But wishing is wishing.
Living is something different.
What I think my future self will wish I’d have done in my 30’s is precisely what I’m doing in my 30’s: floundering, failing, living, breathing, lamenting, celebrating, questioning, doubting, enjoying, trying, doing.
Outside, today, it is raining. My future self would say: ‘Erin – go play! Dance in it, sing in it, you’ve still got your knees, you crazy kid! Use ’em, for the love!’
But it’s raining, and I don’t know how to appreciate my knees yet.
So I write.
I’ve always had this sort of paralysis with too much future talk, too much hypotheses, too much crystal ball peering. I don’t read the news.
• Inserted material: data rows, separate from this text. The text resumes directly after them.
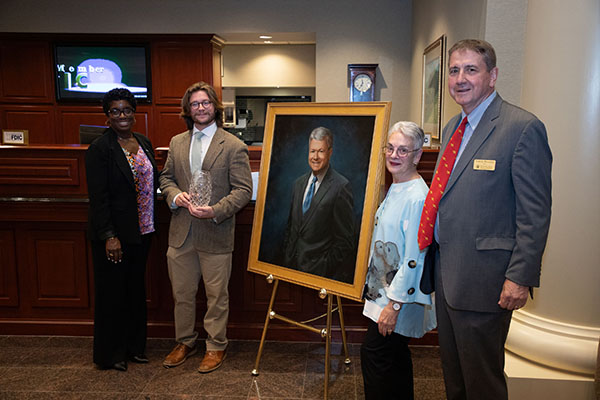 Alexis Swann, Regional President of TowneBank, Jack Rizzo'25, Betsy Calvo Anderson, and Mason School of Business Dean Todd Mooradian.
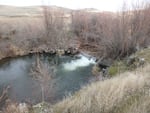 The river water foams at the base of the dam, which is surrounded by sagebrush and wild grasses on a cloudy day.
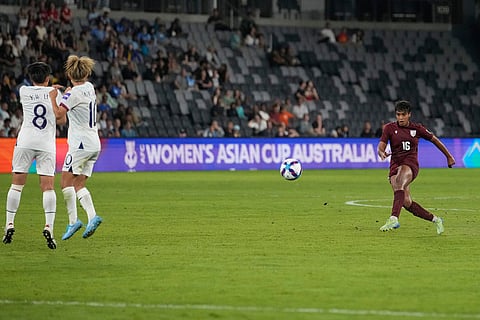 India's Manisha Kalyan takes a free kick during the Women's Asian Cup soccer match between India and Taiwan in Sydney.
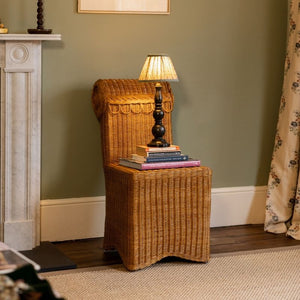 Letty Slipper chair as a side table.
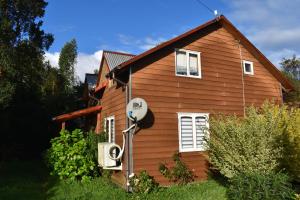 a house with a solar panel on the side of it at casa bosque in Hornopiren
I like small, and quiet, and today. Give me what I already have. A nap, the ones I love, perhaps some cheese in the fridge.
It has been said: “When the student is ready, a teacher will appear.”
A surefire formula for a teacher’s arrival, and a student’s readying:
Failure. Desperation. Heartbreak. Doing it the wrong way, so we can eventually learn what it means to do it the right way.
Frame of reference.
Age. Wisdom. Experience.
And so, I hope my future self tells me this:
“You’re not gonna get it. You’re not gonna believe me when I tell you that your thighs are immaculate, that your grandparents are geniuses, that backpacking through Europe is an incredible use of your small, hard-earned resources.
And you shouldn’t. You shouldn’t believe me. You’re not there yet.
You will be.
And you can believe all those things when you are.”